Elena VICHNEVSKAIA, et al., Plaintiffs-Appellants, v. 200 WEST 86TH APARTMENT CORP., Defendant-Respondent.

Decided: November 29, 2005

FRIEDMAN, J.P., SULLIVAN, NARDELLI, WILLIAMS, SWEENY, JJ. Morley and Trager, New York (Leslie Trager of counsel), for appellants. Callan, Koster, Brady & Brennan, LLP, New York (Michael P. Kandler of counsel), for respondent.

Judgment, Supreme Court, New York County (Harold B. Beeler, J. and a jury), entered August 23, 2004, dismissing the complaint in an action for personal injuries sustained in a fall on steps leading out of defendant's building, unanimously affirmed, without costs.   Appeal from order, same court and Justice, entered on or about July 20, 2004, unanimously dismissed, without costs, as subsumed in the appeal from the aforesaid judgment.

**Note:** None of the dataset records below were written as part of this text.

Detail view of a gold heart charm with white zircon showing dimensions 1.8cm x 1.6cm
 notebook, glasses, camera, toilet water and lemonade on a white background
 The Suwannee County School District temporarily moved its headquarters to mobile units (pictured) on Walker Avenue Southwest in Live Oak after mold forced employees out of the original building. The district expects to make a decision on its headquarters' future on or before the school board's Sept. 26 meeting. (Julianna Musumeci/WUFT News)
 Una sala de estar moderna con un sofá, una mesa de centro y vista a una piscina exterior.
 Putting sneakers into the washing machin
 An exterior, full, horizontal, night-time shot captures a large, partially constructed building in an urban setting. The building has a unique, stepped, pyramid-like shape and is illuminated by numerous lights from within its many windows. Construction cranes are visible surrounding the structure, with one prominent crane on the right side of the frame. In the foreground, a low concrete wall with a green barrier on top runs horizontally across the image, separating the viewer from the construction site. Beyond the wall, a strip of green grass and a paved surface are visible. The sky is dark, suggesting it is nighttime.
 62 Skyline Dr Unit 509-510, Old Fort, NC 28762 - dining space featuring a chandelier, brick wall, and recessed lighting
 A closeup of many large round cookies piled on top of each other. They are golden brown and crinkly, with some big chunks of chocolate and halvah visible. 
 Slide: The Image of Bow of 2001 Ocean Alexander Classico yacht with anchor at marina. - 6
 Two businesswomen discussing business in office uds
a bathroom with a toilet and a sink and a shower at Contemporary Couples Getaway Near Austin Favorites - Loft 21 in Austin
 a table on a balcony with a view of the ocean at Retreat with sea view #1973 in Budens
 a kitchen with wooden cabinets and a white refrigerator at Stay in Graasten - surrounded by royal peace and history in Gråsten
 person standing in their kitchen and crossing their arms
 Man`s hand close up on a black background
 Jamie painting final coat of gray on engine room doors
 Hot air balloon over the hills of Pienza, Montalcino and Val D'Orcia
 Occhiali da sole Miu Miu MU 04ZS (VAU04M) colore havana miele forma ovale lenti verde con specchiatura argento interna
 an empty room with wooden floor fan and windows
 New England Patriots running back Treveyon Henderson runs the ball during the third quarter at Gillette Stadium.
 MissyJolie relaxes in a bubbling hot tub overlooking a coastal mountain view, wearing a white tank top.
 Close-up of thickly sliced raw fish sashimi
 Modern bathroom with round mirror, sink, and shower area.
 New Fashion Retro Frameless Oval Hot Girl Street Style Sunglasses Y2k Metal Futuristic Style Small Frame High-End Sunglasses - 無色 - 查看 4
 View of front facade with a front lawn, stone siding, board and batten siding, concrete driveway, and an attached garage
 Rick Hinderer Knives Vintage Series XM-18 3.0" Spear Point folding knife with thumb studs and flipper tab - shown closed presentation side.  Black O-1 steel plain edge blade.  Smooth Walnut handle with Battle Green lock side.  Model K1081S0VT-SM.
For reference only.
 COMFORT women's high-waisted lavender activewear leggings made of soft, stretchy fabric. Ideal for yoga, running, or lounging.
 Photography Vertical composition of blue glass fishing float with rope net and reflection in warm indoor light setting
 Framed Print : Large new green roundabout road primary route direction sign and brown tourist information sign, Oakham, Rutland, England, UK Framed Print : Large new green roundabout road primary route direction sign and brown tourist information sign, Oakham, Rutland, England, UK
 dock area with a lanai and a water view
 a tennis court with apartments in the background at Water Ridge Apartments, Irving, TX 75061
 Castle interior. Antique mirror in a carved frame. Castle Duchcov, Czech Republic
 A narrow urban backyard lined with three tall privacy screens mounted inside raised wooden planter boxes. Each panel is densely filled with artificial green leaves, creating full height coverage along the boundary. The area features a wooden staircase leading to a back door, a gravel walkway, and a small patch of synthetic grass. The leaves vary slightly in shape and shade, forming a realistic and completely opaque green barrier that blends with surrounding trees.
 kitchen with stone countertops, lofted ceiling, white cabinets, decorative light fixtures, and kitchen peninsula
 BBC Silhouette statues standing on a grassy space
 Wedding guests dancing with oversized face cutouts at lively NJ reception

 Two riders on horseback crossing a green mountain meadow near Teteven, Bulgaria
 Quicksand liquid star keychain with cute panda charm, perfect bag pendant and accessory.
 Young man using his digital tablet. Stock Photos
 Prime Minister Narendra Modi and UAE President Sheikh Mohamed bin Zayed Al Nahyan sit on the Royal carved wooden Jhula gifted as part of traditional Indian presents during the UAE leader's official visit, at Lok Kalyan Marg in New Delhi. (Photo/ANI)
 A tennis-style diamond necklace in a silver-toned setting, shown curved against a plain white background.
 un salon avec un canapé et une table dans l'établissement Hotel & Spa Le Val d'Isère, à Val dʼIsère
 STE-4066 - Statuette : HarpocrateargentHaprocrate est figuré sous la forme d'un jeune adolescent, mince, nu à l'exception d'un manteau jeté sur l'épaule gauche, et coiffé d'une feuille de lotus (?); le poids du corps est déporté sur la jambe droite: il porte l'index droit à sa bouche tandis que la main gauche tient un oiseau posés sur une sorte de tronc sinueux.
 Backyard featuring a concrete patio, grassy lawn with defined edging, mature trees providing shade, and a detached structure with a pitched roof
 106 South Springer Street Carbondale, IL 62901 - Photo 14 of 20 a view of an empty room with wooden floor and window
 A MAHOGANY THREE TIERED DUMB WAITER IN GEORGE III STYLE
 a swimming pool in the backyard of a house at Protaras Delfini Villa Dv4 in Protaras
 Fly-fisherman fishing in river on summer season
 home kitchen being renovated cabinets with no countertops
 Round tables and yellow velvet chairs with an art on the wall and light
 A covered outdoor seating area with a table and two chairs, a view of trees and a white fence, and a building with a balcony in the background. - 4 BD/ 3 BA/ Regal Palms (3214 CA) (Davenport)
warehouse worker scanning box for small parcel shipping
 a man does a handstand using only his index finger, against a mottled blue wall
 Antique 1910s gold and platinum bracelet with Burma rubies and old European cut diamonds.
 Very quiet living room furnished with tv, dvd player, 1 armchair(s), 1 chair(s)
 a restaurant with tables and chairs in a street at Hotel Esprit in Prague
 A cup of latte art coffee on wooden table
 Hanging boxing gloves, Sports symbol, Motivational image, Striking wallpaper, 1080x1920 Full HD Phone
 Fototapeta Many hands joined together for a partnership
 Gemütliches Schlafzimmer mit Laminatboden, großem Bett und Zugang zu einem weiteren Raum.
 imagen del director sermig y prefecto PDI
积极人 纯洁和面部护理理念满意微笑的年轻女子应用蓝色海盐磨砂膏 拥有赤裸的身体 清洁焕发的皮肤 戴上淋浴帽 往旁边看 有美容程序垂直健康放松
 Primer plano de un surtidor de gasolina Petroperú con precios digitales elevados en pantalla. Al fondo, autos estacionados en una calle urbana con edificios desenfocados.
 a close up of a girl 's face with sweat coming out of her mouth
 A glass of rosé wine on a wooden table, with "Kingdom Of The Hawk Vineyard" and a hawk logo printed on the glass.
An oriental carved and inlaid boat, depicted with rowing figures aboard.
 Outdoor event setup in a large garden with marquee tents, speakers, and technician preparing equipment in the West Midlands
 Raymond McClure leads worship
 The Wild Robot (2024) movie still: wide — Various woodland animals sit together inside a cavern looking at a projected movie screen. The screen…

The jury's finding that defendant was negligent in its maintenance of the steps but that such negligence was not a proximate cause of plaintiff's fall is supported by a fair interpretation of the evidence (see Ohdan v. City of New York, 268 A.D.2d 86, 88, 89, 706 N.Y.S.2d 419 [2000], lv. denied 95 N.Y.2d 769, 722 N.Y.S.2d 473, 745 N.E.2d 393 [2000] ), including plaintiff's expert's testimony that he could not say which one or combination of the six separate defects he found on the steps caused plaintiff to fall, and indeed that it was possible that none of the defects caused the fall.   Tending to support the latter possibility was plaintiff's testimony that she did not know what caused her to fall, and was hurrying and looking not at the steps but forward.   Given this latter testimony, the trial court properly permitted defendant's attorney to cross-examine plaintiff's expert as to the possibility that the fall was caused not by one or more of the six defects he had identified, but by plaintiff's own misstep (cf. Bitterman v. Grotyohann, 295 A.D.2d 383, 743 N.Y.S.2d 167 [2002] ).   The trial court correctly ruled that sections 153 and 154 of 1916 Building Code, claimed by plaintiff to be the applicable Code, do not require that the steps in question have handrails.   In any event, even if the lack of handrails were the defect, or one of the defects, found by the jury, the jury could also have fairly found that handrails would not have prevented the fall, given its sudden nature and backward direction.   We have considered plaintiff's other arguments and find them to be unavailing.